In dem vorliegenden österreichischen Vorabersuchen ging es um die Frage, ob und inwieweit die Vergütung, die ein Unternehmer aufgrund eines gekündigten Bauvertrags erhält, der Umsatzsteuer unterliegt. Die vorzeitige Beendigung des Werkvertrages erfolgte durch den Besteller und aus Gründen, die der Werkunternehmer nicht zu verantworten hatte.
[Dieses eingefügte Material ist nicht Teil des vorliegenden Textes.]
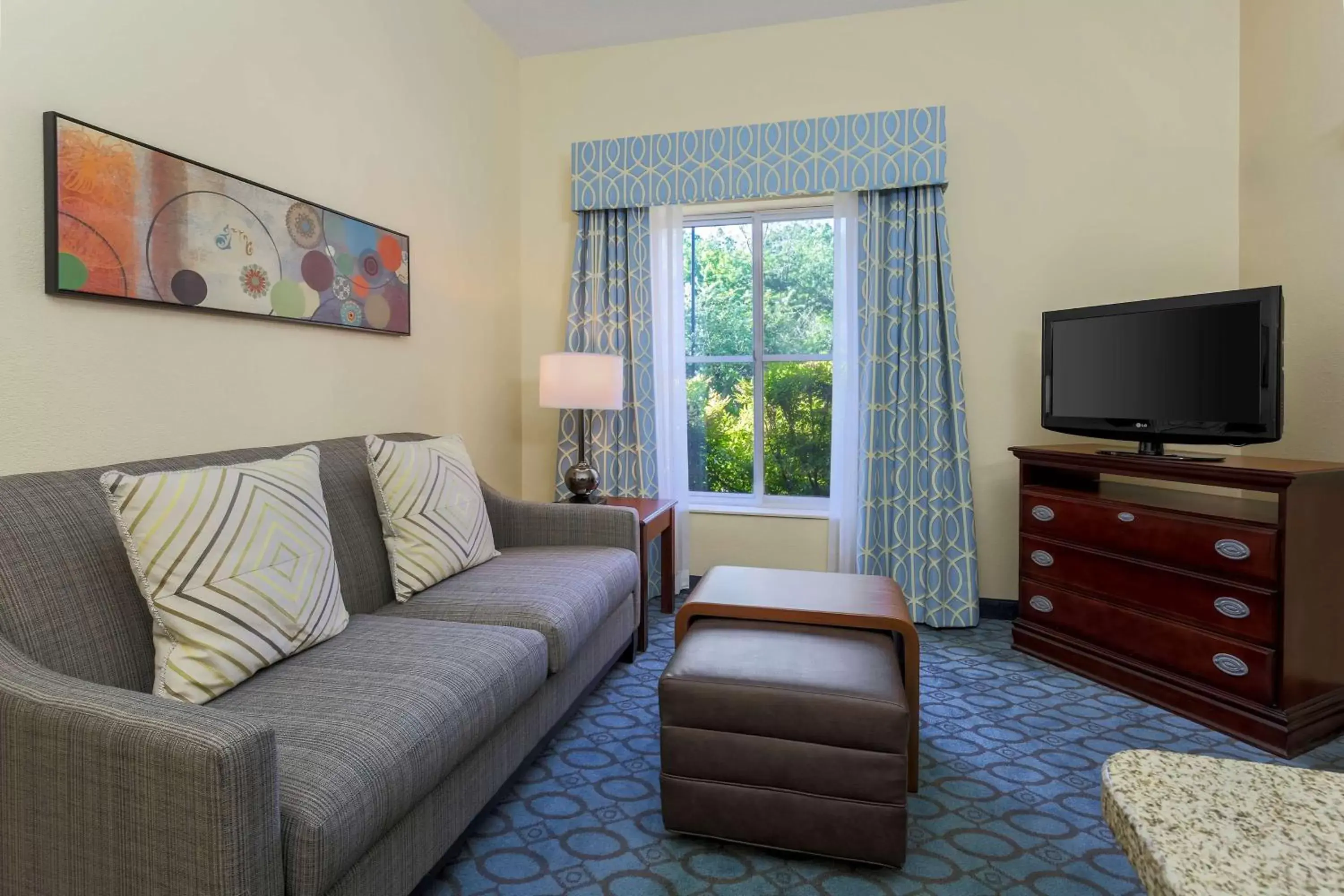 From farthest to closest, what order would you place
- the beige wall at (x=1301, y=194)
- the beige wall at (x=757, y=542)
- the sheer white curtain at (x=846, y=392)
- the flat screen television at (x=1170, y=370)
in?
the beige wall at (x=757, y=542) → the sheer white curtain at (x=846, y=392) → the beige wall at (x=1301, y=194) → the flat screen television at (x=1170, y=370)

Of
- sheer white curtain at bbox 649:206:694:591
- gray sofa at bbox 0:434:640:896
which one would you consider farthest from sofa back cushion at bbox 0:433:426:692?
sheer white curtain at bbox 649:206:694:591

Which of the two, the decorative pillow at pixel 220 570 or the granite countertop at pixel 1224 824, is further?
the decorative pillow at pixel 220 570

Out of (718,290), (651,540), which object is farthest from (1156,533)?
(718,290)

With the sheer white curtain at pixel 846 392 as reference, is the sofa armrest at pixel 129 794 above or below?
below

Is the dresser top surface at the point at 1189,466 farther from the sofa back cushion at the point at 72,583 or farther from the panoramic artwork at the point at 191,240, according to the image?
the sofa back cushion at the point at 72,583

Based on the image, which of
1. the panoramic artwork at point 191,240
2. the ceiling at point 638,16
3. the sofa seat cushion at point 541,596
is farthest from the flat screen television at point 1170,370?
the panoramic artwork at point 191,240

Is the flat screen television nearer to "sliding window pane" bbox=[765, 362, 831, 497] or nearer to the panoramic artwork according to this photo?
"sliding window pane" bbox=[765, 362, 831, 497]

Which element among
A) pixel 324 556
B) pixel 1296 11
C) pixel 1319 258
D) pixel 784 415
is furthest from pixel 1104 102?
pixel 324 556

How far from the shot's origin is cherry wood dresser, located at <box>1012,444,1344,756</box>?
2.12 m

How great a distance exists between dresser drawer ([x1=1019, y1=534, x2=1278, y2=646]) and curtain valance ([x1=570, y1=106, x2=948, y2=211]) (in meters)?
1.77

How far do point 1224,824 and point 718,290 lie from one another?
3579 millimetres

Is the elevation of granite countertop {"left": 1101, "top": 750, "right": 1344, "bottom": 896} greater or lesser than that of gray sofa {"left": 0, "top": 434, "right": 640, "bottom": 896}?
greater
Nach österreichischem Recht hat in diesem Fall der Werkunternehmer, über seine bisher geleistete Arbeit hinaus, einen Anspruch auf Zahlung des vereinbarten Betrages abzüglich der Aufwendungen, die durch die ungerechtfertigte Beendigung des Werkvertrages erspart blieben. Auch nach deutschem Recht hätte der Werkunternehmer einen vergleichbaren Anspruch. Nach § 648 S.2 BGB ist der Werkunternehmer berechtigt die vereinbarte Vergütung zu verlangen; muss sich jedoch anrechnen lassen, was er infolge der Aufhebung des Vertrags an Aufwendungen erspart oder durch anderweitige Verwendung seiner Arbeitskraft erwirbt oder zu erwerben böswillig unterlässt.
Die deutsche Finanzverwaltung vertritt bislang die Ansicht, dass der Leistungsaustausch mit der Kündigung des Vertrages endet und somit nur der Teil der Vergütung für das bis dahin (teilweise) gelieferte Werk umsatzsteuerliches Entgelt darstellt. Der Anteil der Vergütung, auf die der Werkunternehmer darüber hinaus einen Anspruch hat, stellt dementsprechend kein Entgelt im umsatzsteuerlichen Sinne dar.
Ob die aktuelle deutsche Rechtspraxis nach dem Urteil des EuGH aufrechterhalten bleiben kann, ist fraglich.
Sachverhalt
Im Jahr 2018 schlossen die in Österreich ansässigen Unternehmen rhtb und Parkring einen Werkvertrag ab. Danach sollte rhtb den Bau eines Immobilienprojektes durchführen und dafür von Parkring eine Vergütung inklusive Mehrwertsteuer erhalten. Nachdem rhtb mit den Arbeiten begonnen hatte, wurde der Vertrag von Parkring, aus nicht von rhtb zu vertretenden Gründen, vorzeitig beendet. Ende 2018 forderte rhtb nach österreichischem Recht (§1168 Abs.1 S,1 ABGB) von Parkring die Zahlung des vereinbarten Betrages abzüglich der ersparten Aufwendungen.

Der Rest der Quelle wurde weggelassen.